Types of Rehabilitation Therapy

Rehabilitation Therapy is a practical medical profession that deals with the rehabilitation of patients after a traumatic injury or sickness. Rehabilitation Therapy is generally not advised for individuals who are healthy and do not require rehabilitation. Rehabilitation Therapy is best for physically disabled individuals who cannot walk again, but who still have independent living skills. Rehabilitation Therapy also provides psychological support to patients who may be experiencing emotional distress or other mental problems associated with their condition. The course of treatment typically includes one to three years of rehabilitation in which time the patient actively uses his or her muscles and learns to live with their disability.

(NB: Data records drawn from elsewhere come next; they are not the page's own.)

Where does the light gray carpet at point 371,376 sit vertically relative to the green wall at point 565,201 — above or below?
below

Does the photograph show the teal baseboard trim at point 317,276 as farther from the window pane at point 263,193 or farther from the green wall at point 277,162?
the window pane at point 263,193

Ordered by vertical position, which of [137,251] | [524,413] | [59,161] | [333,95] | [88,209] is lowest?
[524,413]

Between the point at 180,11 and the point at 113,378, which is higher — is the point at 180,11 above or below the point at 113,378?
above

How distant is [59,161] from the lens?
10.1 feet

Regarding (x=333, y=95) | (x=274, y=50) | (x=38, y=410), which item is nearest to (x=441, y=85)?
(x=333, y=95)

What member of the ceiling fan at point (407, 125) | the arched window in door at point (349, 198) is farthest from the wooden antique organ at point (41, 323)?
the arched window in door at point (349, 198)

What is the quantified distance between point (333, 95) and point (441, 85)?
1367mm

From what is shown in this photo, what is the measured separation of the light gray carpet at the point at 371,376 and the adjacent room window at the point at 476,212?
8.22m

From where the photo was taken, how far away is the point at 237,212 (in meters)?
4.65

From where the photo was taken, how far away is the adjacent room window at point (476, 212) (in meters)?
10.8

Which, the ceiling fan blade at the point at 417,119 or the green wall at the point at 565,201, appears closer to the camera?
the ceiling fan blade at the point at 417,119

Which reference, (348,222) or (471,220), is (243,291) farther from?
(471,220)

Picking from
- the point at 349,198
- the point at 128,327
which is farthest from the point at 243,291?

Rehabilitation Therapy Job Description Physical therapists help individuals with various degrees of mobility recover more effectively through different types of exercise. Rehabilitation Therapy is often recommended for people who have been injured, especially those recovering from strokes, arthritis, or those suffering from debilitating diseases like spinal cord injuries or Parkinson’s disease. They also help patients suffering from permanent disabilities who cannot walk or move on their own. There are many different physical therapy specialties, including orthopedic, geriatric, neurological, cardiovascular and pulmonary rehabilitation therapy. Some patients may also need to have surgery or physical therapy in order to improve their quality of life.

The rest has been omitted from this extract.